These were great days to be running the Information Processing Techniques Office at ARPA. With Taylor and Roberts there, the budget for computing research kept growing even as the rest of ARPA’s funds were being slashed because of the escalating cost of the Vietnam War. IPTO’s managers could spend money on priorities of their own choosing. And they could just as easily rescind funding if they didn’t receive the kind of cooperation they wanted from contractors.
Giving ample authority to people like Roberts was typical of ARPA’s management style, which stretched back to its earliest days. It was rooted in a deep trust of frontline scientists and engineers. On his deathbed in 1969, Dwight Eisenhower asked a friend about “my scientists” and said they were “one of the few groups that I encountered in Washington who seemed to be there to help the country and not help themselves.” Indeed, many of the best scientists in the country, Roberts among them, came to view working for the agency as an important responsibility, a way of serving.
But ARPA administrators were not well paid. Ornstein once hooked up with Roberts at an out-of-town meeting and saw Roberts driving a banged-up little rental car. Ornstein asked him why on earth he would rent such a heap. Roberts muttered something about how Ornstein didn’t understand government rules and expenses. “I always thought of him as passing out these millions of dollars,” said Ornstein. “It hadn’t occurred to me that he was in fact living, personally, on quite a limited budget. People like Larry sacrificed themselves for a while in order to get their hands on a big throttle.”
Roberts was treated in most respects as if he were a member of the BBN team, even though he was in Washington. He didn’t travel to Cambridge often, yet his presence was constantly felt. Since only a few people were working on the project at BBN, Roberts sat down with everyone together when he visited. These were informal talks about their progress, lengthy high-level rump sessions. As principal investigator and group manager, Frank Heart was Roberts’s main point of contact at BBN—but Roberts also stayed in close touch with Kahn.
Each site was responsible for building a custom interface between host and IMP. Since computers of various makes were involved, no single interface would do for all the sites. This entailed a separate hardware-and software-development project at each site and was not something the host teams could throw together overnight.
The IMP Guys had to write the host-to-IMP specification before the hosts could start building anything. Heart’s most urgent order of business was to complete BBN’s design of the host-to-IMP specification, so people at UCLA could begin working in time to meet Roberts’s schedule. Heart was already predicting difficulty in getting the host sites to complete their work on time. He knew how heavily the principal investigators relied on graduate students, and Heart worried that the project could be derailed because of a graduate student’s failure to treat the schedule seriously enough.

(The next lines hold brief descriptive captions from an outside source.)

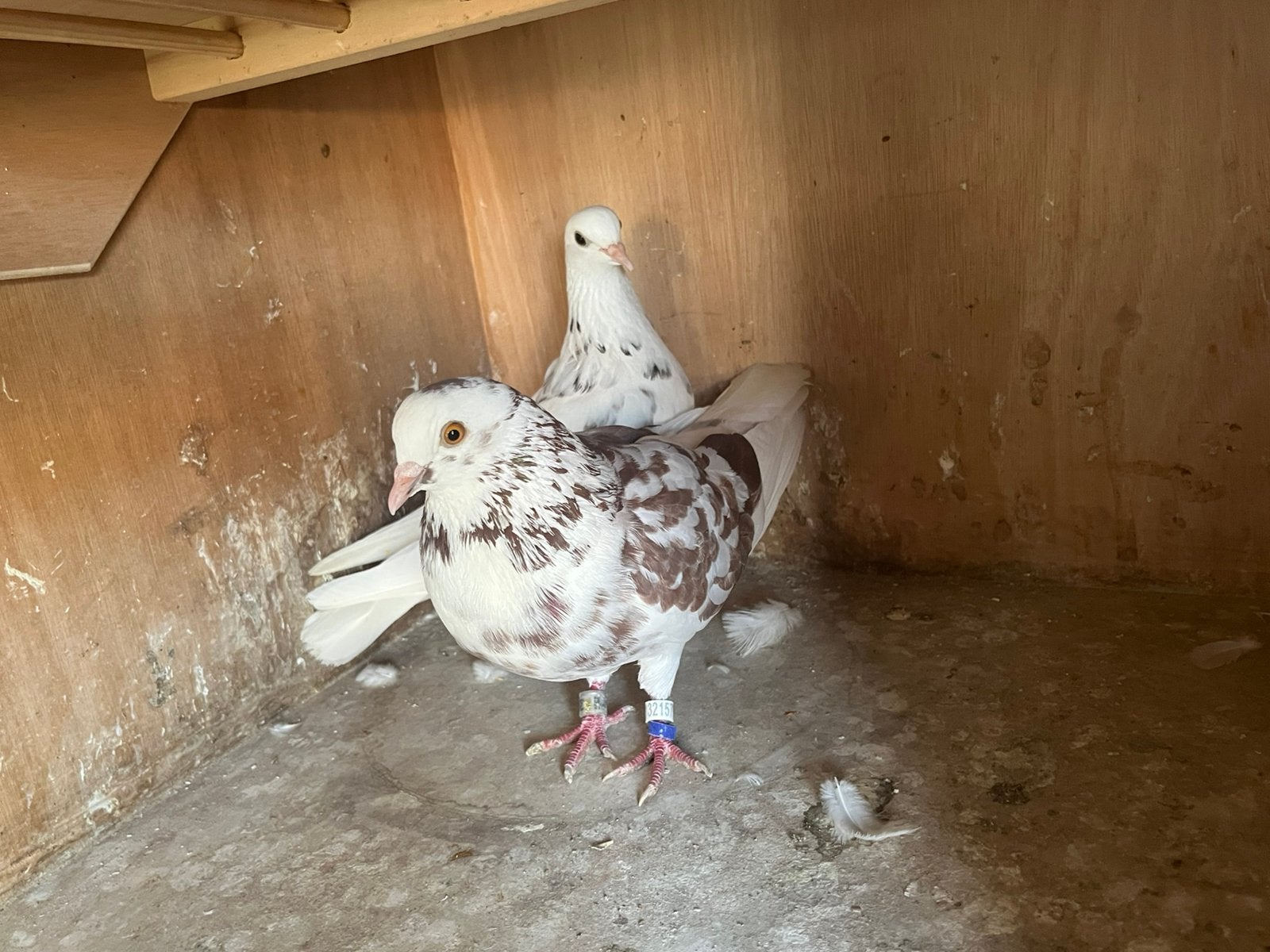 Koppel Birmingham rollers, Dieren en Toebehoren, Vogels | Duiven, Meerdere dieren, Tuimelaar of Roller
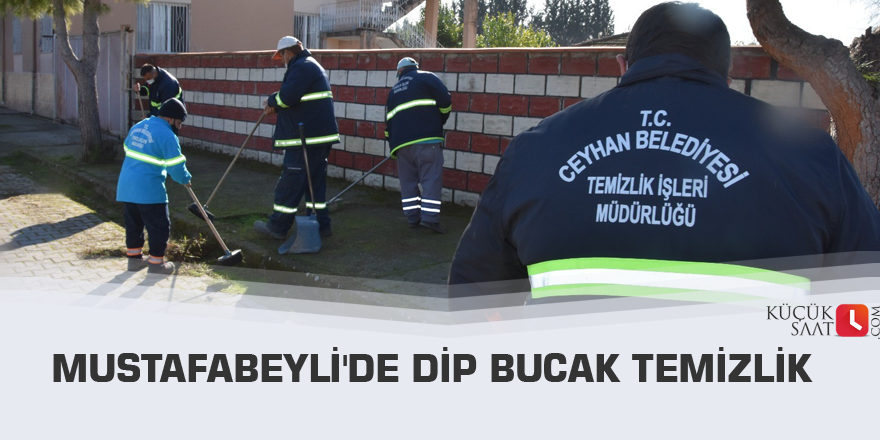 Mustafabeyli'de dip bucak temizlik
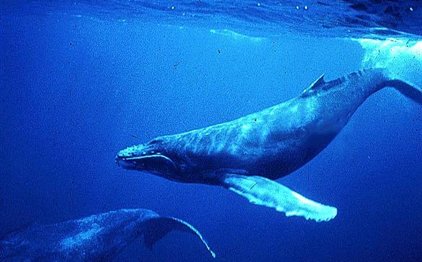 Μπορούν οι φάλαινες να προβλέψουν τους σεισμούς;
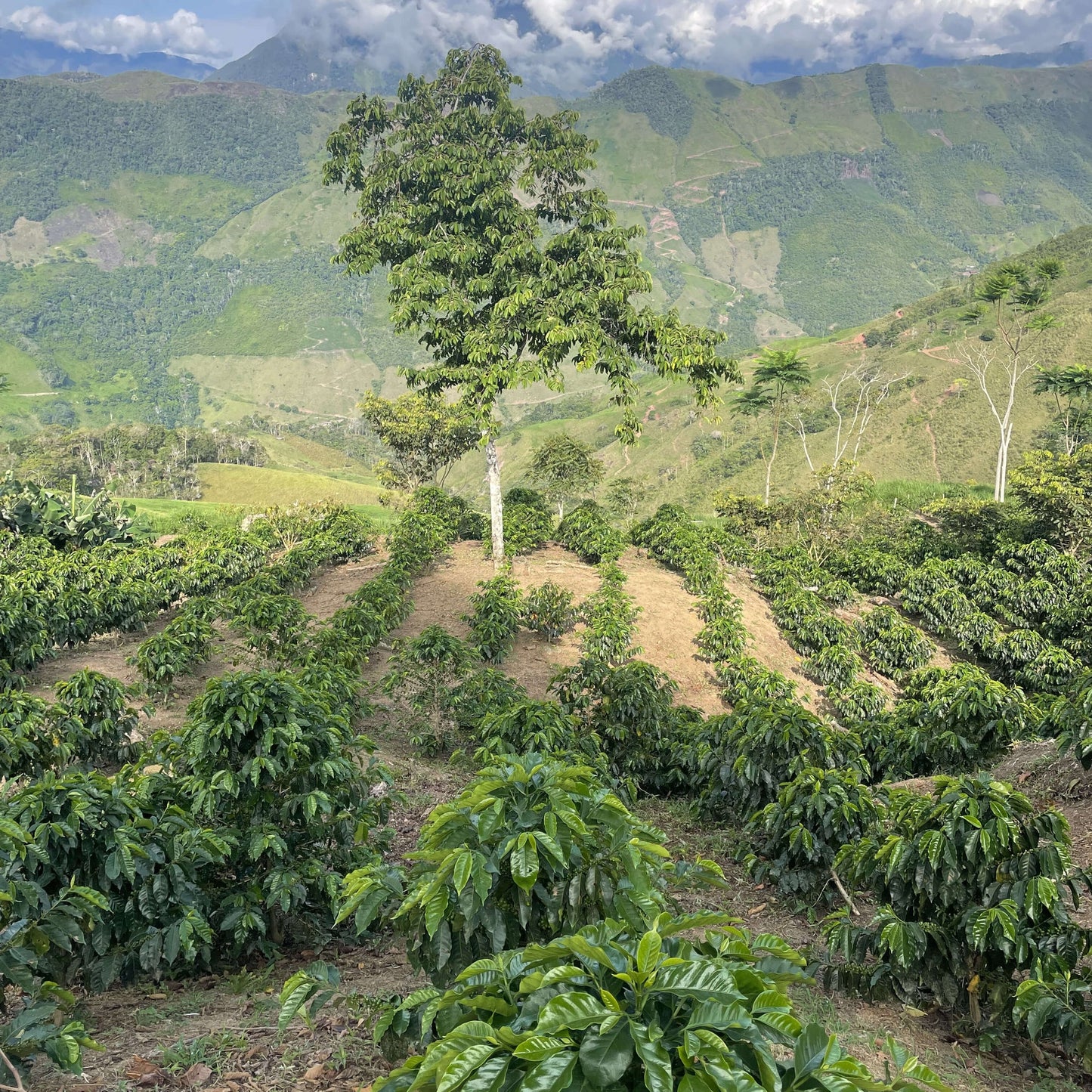 Peru, Gregorio Espinoza - Anoxic black honey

Days spent discussing the host-to-IMP specification turned into weeks. It became obvious that unless someone on Heart’s team seized the task of just writing the specification, there would be more talk and little writing. Kahn took it upon himself to draft the specification, and his colleagues were happy to let him. Heart thought Kahn was the best writer the group had, so he stood back and let Kahn produce the specification that became known as BBN Report 1822.
Some people thought Heart worried excessively about potential engineering failures. He was a most defensive driver when it came to engineering. Heart had learned cautious engineering early on from his mentor at Lincoln Lab, Jay Forrester, the inventor of core memory. Forrester had drummed reliability into the heads of a whole generation of MIT engineers. Above cost, performance, or anything else, reliability was their top priority— design for it, build for it, prepare for the worst, and above all, don’t put your machine in a position to fail. Heart’s mantra built reliability into the IMP in a thousand ways right from the start.
Computer manufacturers were known to cut corners in order to compete on price and build new machines on time. They almost always paid some price in terms of higher failure rates—bugs and computer crashes—but usually it didn’t ruin reputations. From Roberts to Heart, on down the line, all of the IMP Guys expected a higher standard in this project. A network running twenty-four hours a day would demand solid performance from the BBN-built IMPs. The accepted imperative was that the IMPs would do their best to deliver each and every message accurately. A line might fail, even a host machine might fail, but the IMPs should not. Reliability was, in a sense, the founding principle of the network. The ARPA network would always reflect Frank Heart’s own steady character.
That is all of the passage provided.